They offer a multiplicative modulus:

${\displaystyle ||ap+bq||={\frac {(a^{2}+b^{2})^{2}}{(a+b)(a-b)^{2}}}}$

Power orbit

In the {p, q} plane, both ${\displaystyle ~p^{\alpha }}$ and ${\displaystyle ~q^{\alpha }}$ (with ${\displaystyle ~\alpha }$ real) lie on a two-leaved rose, described through ${\displaystyle ap+~bq}$ with

${\displaystyle (a^{2}+b^{2})^{2}=~(a+b)(a-b)^{2}}$.

File:HypernumbersPowerOrbitPQ.gif

While the product ${\displaystyle (ap+~bq)(cp+~dq)=0}$ for any real {a, b, c, d}, the power orbit and its related geometry allow to carry out non-trivial multiplication. The factors can be represented to the same power orbit, e.g.

${\displaystyle p^{\alpha }:=~{\frac {ap+bq}{||ap+bq||}}}$

${\displaystyle p^{\beta }:=~{\frac {cp+dq}{||cp+dq||}}}$

and multiplied subsequently to ${\displaystyle ||n||~p^{\alpha }p^{\beta }=||n||~p^{(\alpha +\beta )}}$ (with ${\displaystyle ||n||:=~||ap+bq||*||cp+dq||}$ absolute; ${\displaystyle ~\alpha }$, ${\displaystyle ~\beta }$ real). Therefore, multiplication is sensitive to the representation of the point in the {p, q} plane. In general, there is an infinite amount of possible representations ${\displaystyle ||m||~(p^{\gamma }+q^{\delta })}$ (with ${\displaystyle ~||m||}$ absolute; ${\displaystyle ~\gamma }$, ${\displaystyle ~\delta }$ real) for any given ${\displaystyle ap+~bq}$.

Exponential orbit

The respective exponential orbits are:

${\displaystyle e^{\alpha p}=1+{\frac {p}{2}}(\sinh \alpha -\sin \alpha )+{\frac {q}{2}}(\sinh \alpha +\sin \alpha )}$

${\displaystyle e^{\alpha q}=1+{\frac {p}{2}}(\sinh \alpha +\sin \alpha )+{\frac {q}{2}}(\sinh \alpha -\sin \alpha )}$

Note on (-p), p^(-1), 1/p

From C. Musès, Computing in the bio-sciences with hypernumbers: A survey (see full reference below):

"...Note that -p is generated via w, thus: ${\displaystyle (qw)^{3}=(wq)^{3}=(w^{3})(q^{3})=(-1)p=~-p}$. It must be remembered that because p is nilpotent (${\displaystyle p^{2}=0,p\neq 0}$), its zeroth power cannot be 1; in fact ${\displaystyle p^{0}=~0}$. Hence also ${\displaystyle p^{-1}\neq 1/p}$, and since ${\displaystyle (1/p)(1/p)=1/p^{2}=\infty }$, we see that ${\displaystyle ~1/p}$ is panpotent, i.e. a root of infinity.
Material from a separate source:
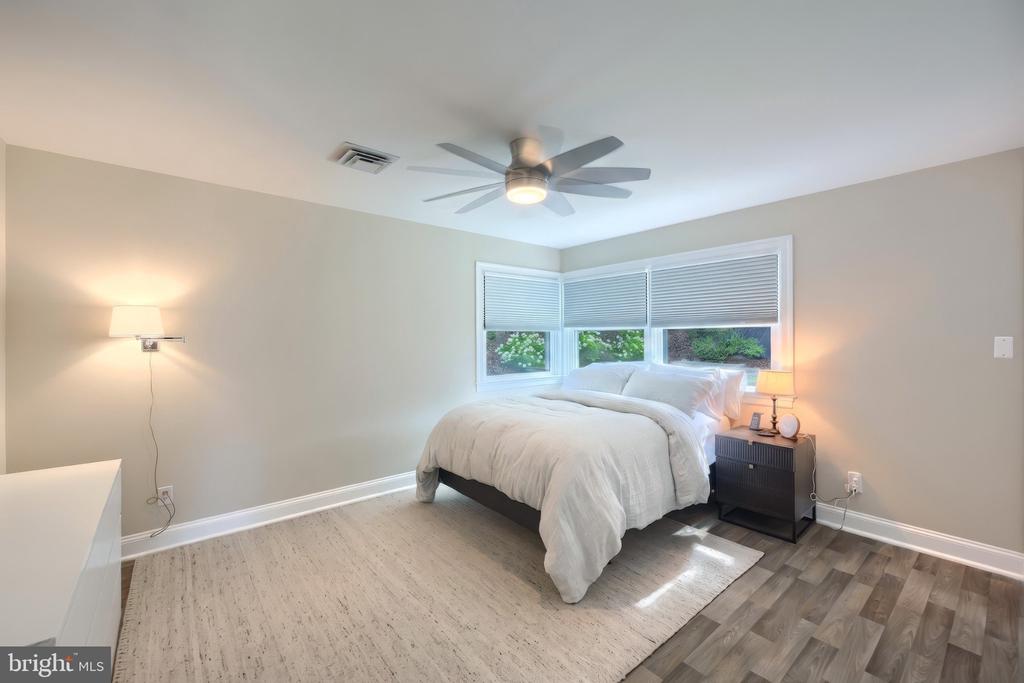 1366 SLEEPY HOLLOW ROAD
Compare ${\displaystyle 1/(1\pm \varepsilon )}$, which are a pair of divisors of infinity."

Cassinoid numbers (m numbers)

Cassiniod number arithmetic, the 6th level in the hypernumbers program, is governed by cassinoids or Cassinian ovals. Their relation to geometry illustrates multiplication and their multiplicative modulus. Coefficients to the m number base are absolute numbers, which are similar to positive real numbers; however, m arithmetic is sensitive to the magnitude of its coefficients, therefore departing from traditional concepts.
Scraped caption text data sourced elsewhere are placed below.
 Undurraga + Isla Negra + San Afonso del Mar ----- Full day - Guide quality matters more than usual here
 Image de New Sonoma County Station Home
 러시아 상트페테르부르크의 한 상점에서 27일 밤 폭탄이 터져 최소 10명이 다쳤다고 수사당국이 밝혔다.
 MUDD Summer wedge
In the {real, m} plane, they offer the following relations:

${\displaystyle m^{2}=~m}$

${\displaystyle ({\sqrt {2}}m)^{2}=~0}$

${\displaystyle ({\sqrt {3}}m)^{2}=~-1}$

Characteristic, modulus, and handle

For a number ${\displaystyle a+~bm}$ the "characteristic" s is defined as:

${\displaystyle s^{4}=~(a^{2}+b^{2})^{2}+2(a^{2}-b^{2})+1}$

A multiplicative modulus t and a handle k are then defined through:

${\displaystyle t=|a+bm|={\sqrt {|s^{2}-1|}}}$

${\displaystyle k={\sqrt {s^{2}+1}}}$

File:HypernumbersPowerOrbitM.gif

Distinction between coefficients and real numbers

Citing K. Carmody, "Cassinoid Numbers: The Musèan Hypernumber m" (27 April 2006, from http://www.kevincarmody.com/math/hypernumbers.html ):

"Coefficients such as ${\displaystyle {\sqrt {2}}}$ in the expression ${\displaystyle {\sqrt {2}}m}$ are not actually real numbers. For example, if we multiply -1 as a real number by ${\displaystyle +m}$, we can get ${\displaystyle +m}$, but we cannot get ${\displaystyle -m}$. [...]
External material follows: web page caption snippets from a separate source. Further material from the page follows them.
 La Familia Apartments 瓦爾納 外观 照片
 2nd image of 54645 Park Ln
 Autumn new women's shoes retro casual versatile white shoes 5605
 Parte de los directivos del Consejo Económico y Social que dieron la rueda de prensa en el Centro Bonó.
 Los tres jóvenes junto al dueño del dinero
Properly, +1, -1, +m, and -m are units, and the coefficients of their multiples along their respective axes are absolute numbers, which are distinct from real numbers and are never negative."

See also

• A. MacFarlane's Hyperbolic quaternion
• Hypercomplex number
• Nilpotents
• Octonion
• Quaternion
• Sedenion
• Split-complex number
• Split-quaternion / Coquaternion
• Split-octonions
• Zero divisor

Hypernumber publications

General

For a complete reference to hypernumber publications, and information on hypernumbers in general, see http://www.kevincarmody.com/math/hypernumbers.html . Most of the content above was obtained from this page.

Selection of journal articles:

• C. Musès, Applied hypernumbers: Computational concepts, Appl. Math. Comput. 3 (1977) 211–226. doi:10.1016/0096-3003(77)90002-9
• C. Musès, Hypernumbers II—Further concepts and computational applications, Appl. Math. Comput. 4 (1978) 45–66. doi:10.1016/0096-3003(78)90026-7
• C. Musès, Computing in the bio-sciences with hypernumbers: a survey, Intl. J. Bio-Med. Comput. 10 (1979) 519–525.
• K. Carmody, Circular and hyperbolic quaternions, octonions, and sedenions, Appl. Math. Comput. 28 (1988) 47–72. doi:10.1016/0096-3003(88)90133-6
• C. Musès, Hypernumbers applied, or how they interface with the physical world, Appl. Math. Comput. 60 (1994) 25–36. doi:10.1016/0096-3003(94)90203-8
• K. Carmody, Circular and hyperbolic quaternions, octonions, and sedenions— further results, Appl. Math. Comput. 84 (1997) 27–48. doi:10.1016/S0096-3003(96)00051-3

Applied

For genuine use of hypernumbers (and equivalent non-traditional numbers) in physics see e.g.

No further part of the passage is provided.